Thursday, February 02, 2006

The State of the Union, Bush, Hillary and the Democrats

The state of the union is pretty good.

And President Bush's speech was pretty good, too, and well delivered. The first half - on his bold and brilliant foreign policy - was excellent. But the second half, on domestic issues, was much more worrisome.

The president is certainly a "big-government conservative," and now he wants to spend more on education and a few other endeavors. But it's now gotten worse in that some of his main conservative goals - namely, social security and tax reform - have faltered and are essentially out of the picture. So his domestic ambitions are more subdued now. Still, his strong support for making the tax cuts permanent and (hopefully, a least to a small degree) seriously cutting back on wasteful spending are encouraging. [Update: The president's economic policies continue to be effective, with the unemployment rate going down even more. But it'd be even better if we restrain spending, which is also probably politically necessary to keep the tax cuts that made this success possible in the first place. More: Low Jobless Rate Leaves Workers Too Tired to Shop.]

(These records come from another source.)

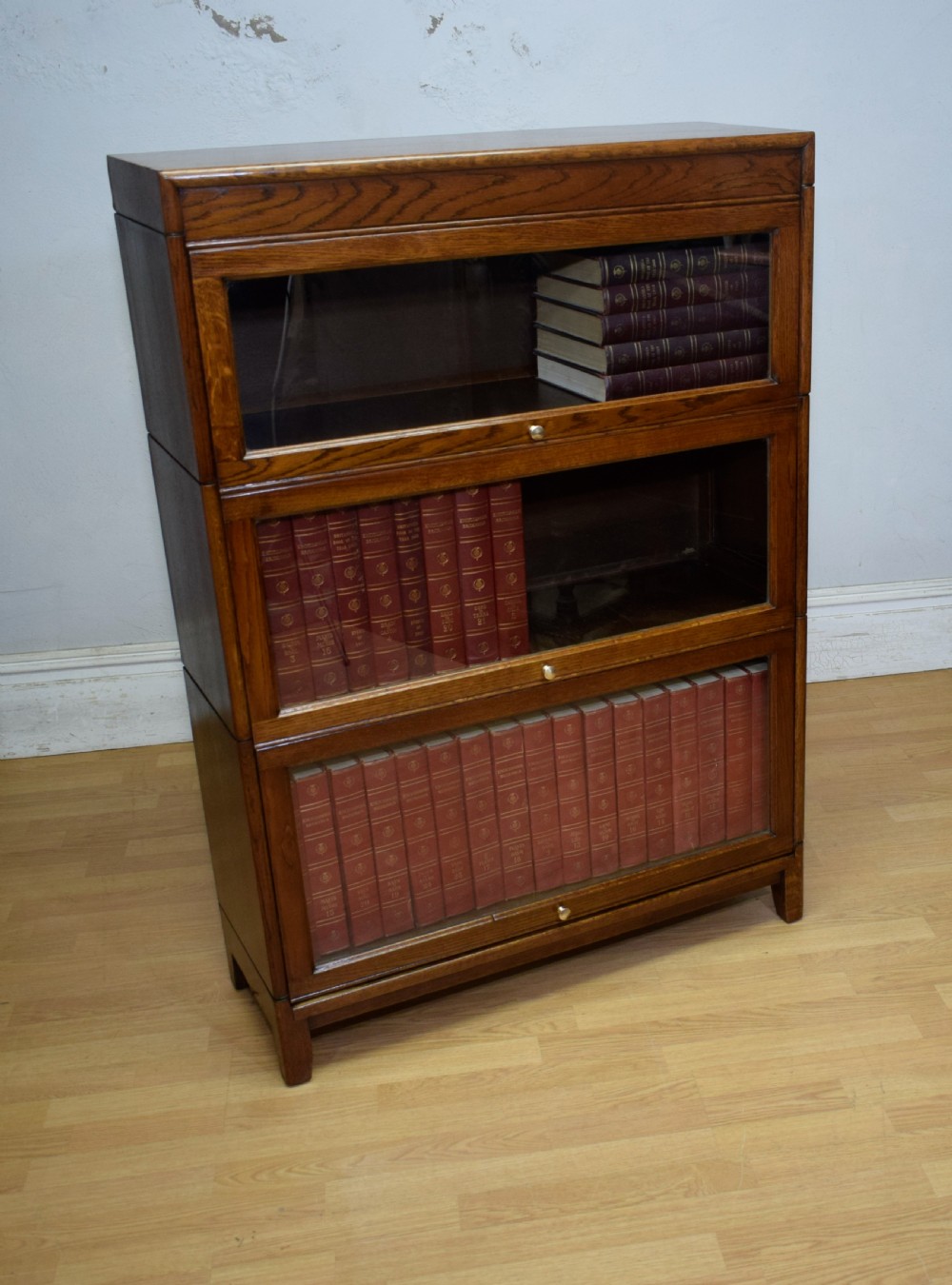 Early 20th Century Oak Bookcase View VIII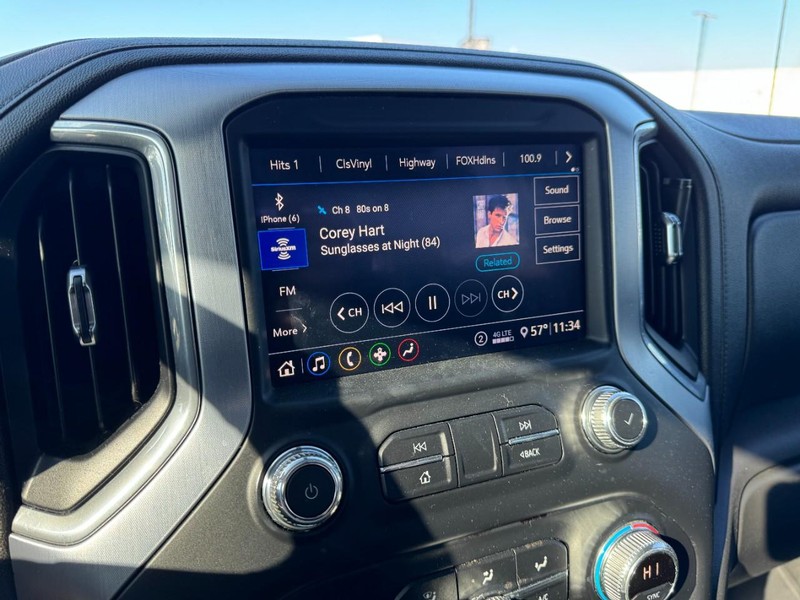 GMC Sierra 1500 Vehicle Full-screen Gallery Image 16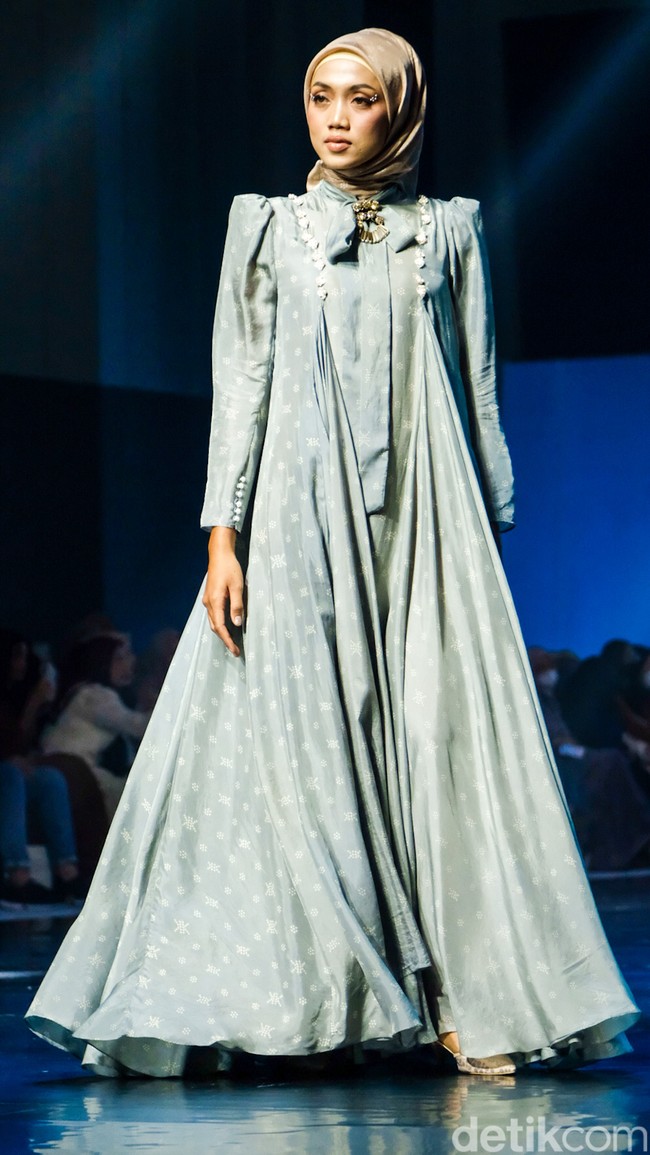 Fashion show koleksi Khanaan di Jakarta Muslim Fashion Week 2023. Khanaan menghadirkan busana muslim dengan cutting yang timeless sehingga bisa tetap dipakai lima tahun ke depan. Foto: Andhika Prasetia/ Detikcom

Robert Novak: Conservatives disappointed in Bush (for domestic policy reasons)
Cal Thomas: State of the union is good, but could be much better
Linda Chavez: President strong on defense and foreign policy
Hugh Hewitt: A "great speech," powerful on crucial war on terror issues
Larry Elder: What Democrats heard the president say

The most interesting part of the speech was when the president noted Congress' failure to save social security - and the Democrats cheered and applauded. It was pathetic and revealing. (Tony Blankley: "Their collective decision to cheer the failure of the body politic to provide for sufficient revenues to pay the [Social Security] benefits was an act of historic shame for the Democratic Party.") Speaking of the Democrats, Blankley writes much more about the state of the Democratic Party, which is largely reflected in that Social Security moment. He includes this interesting observation: "“Until George Bush became president, the Democrats, for better and for worse, were a liberal party. Deformed by hatred of the current president, the Democrats have become a nihilist party."” This explains the current hypocrisy and inconsistency in the things they say and do. Democrats are no longer attached to a certain set of beliefs; rather, they are simply opposed to President Bush. That is their platform. They advocate nothing else.

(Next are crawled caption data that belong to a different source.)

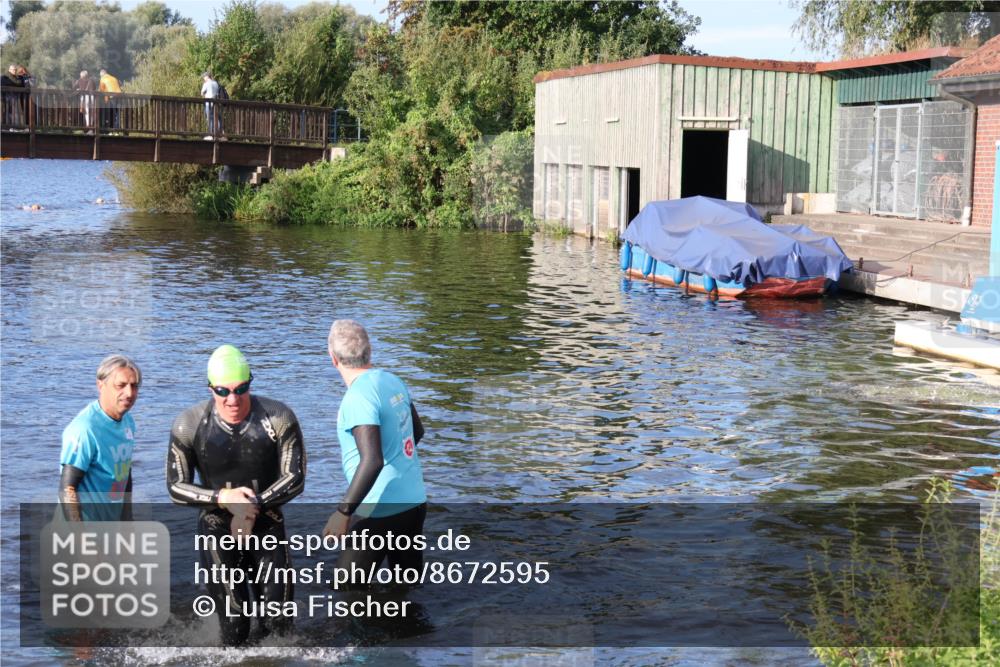 31.08.2025 - Elbe Triathlon Hamburg Luisa Fischer http://msf.ph/oto/8672595 31.08.2025 08:37:12 Schwimmen 221 meine-sportfotos.de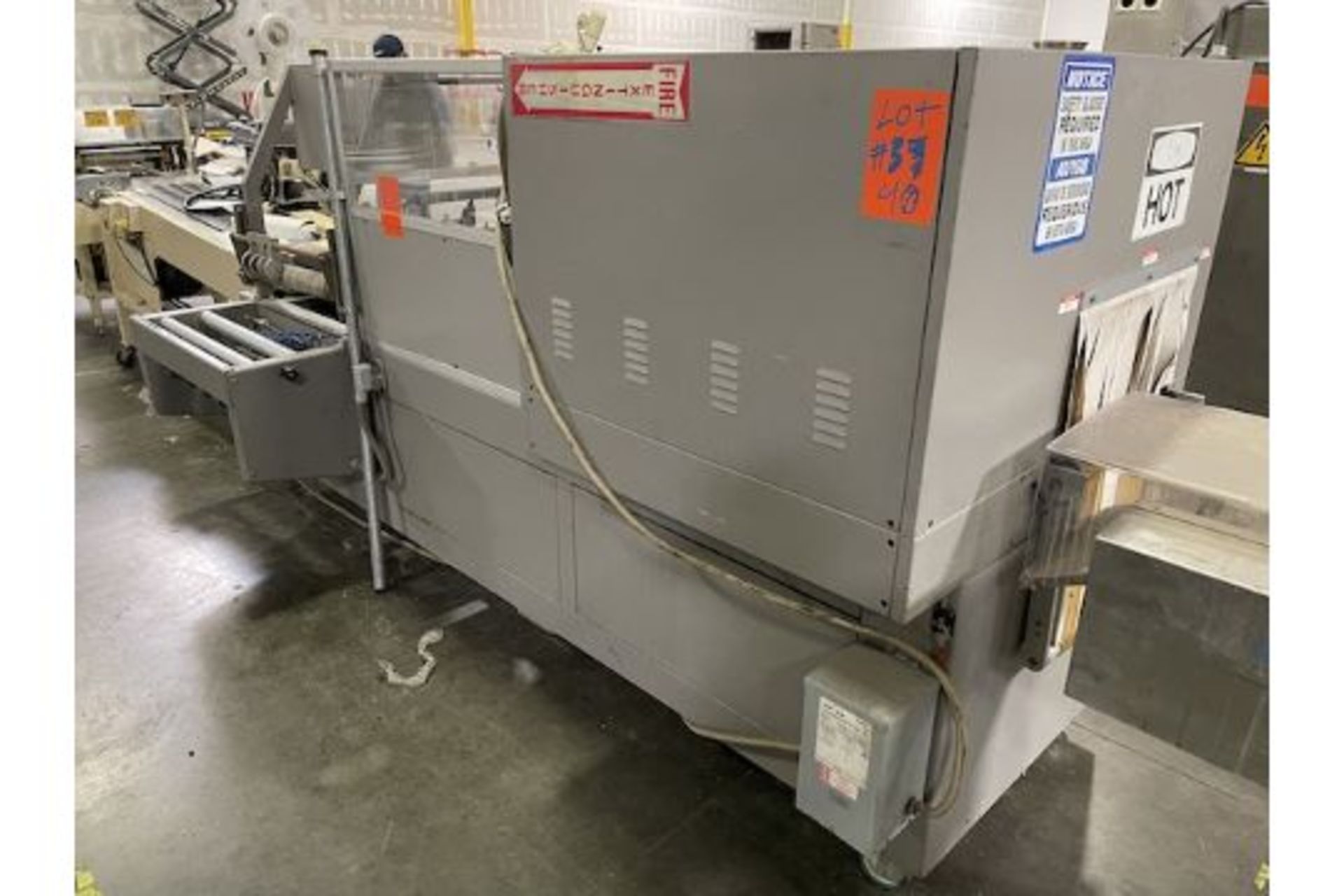 CS 5600 Copatta Tray Sealer with Heat Tunnel, 16" Wide Feed Belt, Rigging/Loading Fee $50 - Image 3 of 3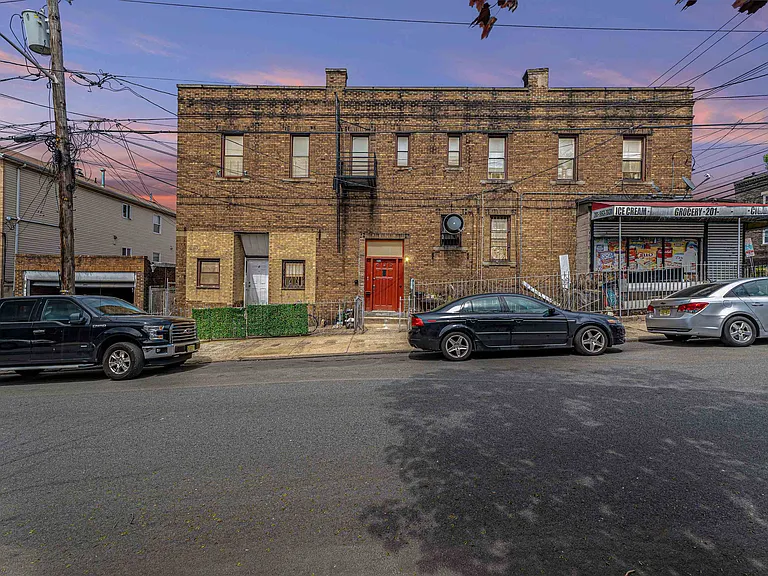 245 Liberty Ave #2R — Photo 6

Along those lines (being unprincipled), I've always gotten the sense that Hillary Clinton is not so much a principled left-wing radical as she is someone who's capable of taking any position in order to advance her political career. Indeed, I think this is obvious. (Or perhaps she is principled, but feels that extensive lying is necessary to get her into a position to fully advance those principles, which, of course, do not include honesty.)